# Aim of the task:
Each line of the records that holds the word "background" should be copied out.

:: Provided information

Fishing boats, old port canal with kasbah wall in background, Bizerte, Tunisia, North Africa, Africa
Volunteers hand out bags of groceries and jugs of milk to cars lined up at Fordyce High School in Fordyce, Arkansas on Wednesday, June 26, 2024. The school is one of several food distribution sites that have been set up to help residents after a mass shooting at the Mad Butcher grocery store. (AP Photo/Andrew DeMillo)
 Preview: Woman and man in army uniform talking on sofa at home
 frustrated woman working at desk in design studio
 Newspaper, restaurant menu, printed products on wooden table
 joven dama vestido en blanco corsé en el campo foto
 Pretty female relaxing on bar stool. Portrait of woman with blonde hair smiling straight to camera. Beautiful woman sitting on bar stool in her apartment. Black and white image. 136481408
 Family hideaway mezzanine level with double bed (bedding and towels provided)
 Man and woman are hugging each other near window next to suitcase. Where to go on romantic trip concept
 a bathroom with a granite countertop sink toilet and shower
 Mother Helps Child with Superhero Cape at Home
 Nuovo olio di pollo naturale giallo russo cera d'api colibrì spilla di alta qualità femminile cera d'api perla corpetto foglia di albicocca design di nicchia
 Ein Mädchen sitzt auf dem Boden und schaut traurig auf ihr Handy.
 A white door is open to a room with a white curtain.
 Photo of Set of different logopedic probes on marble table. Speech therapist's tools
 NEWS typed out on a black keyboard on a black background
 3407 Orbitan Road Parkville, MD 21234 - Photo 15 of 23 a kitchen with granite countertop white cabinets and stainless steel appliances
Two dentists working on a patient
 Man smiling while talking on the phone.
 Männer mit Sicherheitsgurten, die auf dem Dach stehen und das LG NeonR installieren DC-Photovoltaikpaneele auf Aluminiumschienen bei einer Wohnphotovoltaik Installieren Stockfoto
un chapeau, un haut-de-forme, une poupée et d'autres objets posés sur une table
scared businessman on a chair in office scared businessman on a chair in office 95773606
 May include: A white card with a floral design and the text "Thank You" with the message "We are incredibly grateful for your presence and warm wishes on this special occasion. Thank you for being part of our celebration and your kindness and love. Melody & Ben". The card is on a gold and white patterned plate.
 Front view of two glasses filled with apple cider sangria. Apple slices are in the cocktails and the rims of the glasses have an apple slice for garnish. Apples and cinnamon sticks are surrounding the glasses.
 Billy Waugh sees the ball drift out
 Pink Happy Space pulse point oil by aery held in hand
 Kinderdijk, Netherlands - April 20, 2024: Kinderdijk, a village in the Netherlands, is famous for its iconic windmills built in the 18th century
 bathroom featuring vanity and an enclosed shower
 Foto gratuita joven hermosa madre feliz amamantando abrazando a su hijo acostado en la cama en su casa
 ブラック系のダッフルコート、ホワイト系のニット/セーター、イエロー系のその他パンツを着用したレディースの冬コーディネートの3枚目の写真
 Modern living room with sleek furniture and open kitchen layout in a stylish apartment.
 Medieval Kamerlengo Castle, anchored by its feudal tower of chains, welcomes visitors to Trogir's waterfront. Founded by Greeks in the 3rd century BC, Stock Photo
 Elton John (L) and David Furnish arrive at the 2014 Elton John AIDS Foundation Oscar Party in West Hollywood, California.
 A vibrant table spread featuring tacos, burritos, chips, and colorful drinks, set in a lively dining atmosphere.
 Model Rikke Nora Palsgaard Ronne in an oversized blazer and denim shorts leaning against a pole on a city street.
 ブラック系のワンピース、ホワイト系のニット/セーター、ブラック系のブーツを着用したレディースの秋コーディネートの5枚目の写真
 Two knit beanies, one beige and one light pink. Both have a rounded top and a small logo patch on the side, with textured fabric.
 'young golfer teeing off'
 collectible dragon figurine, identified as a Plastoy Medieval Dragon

::::

# Solved problem:
Fishing boats, old port canal with kasbah wall in background, Bizerte, Tunisia, North Africa, Africa
 NEWS typed out on a black keyboard on a black background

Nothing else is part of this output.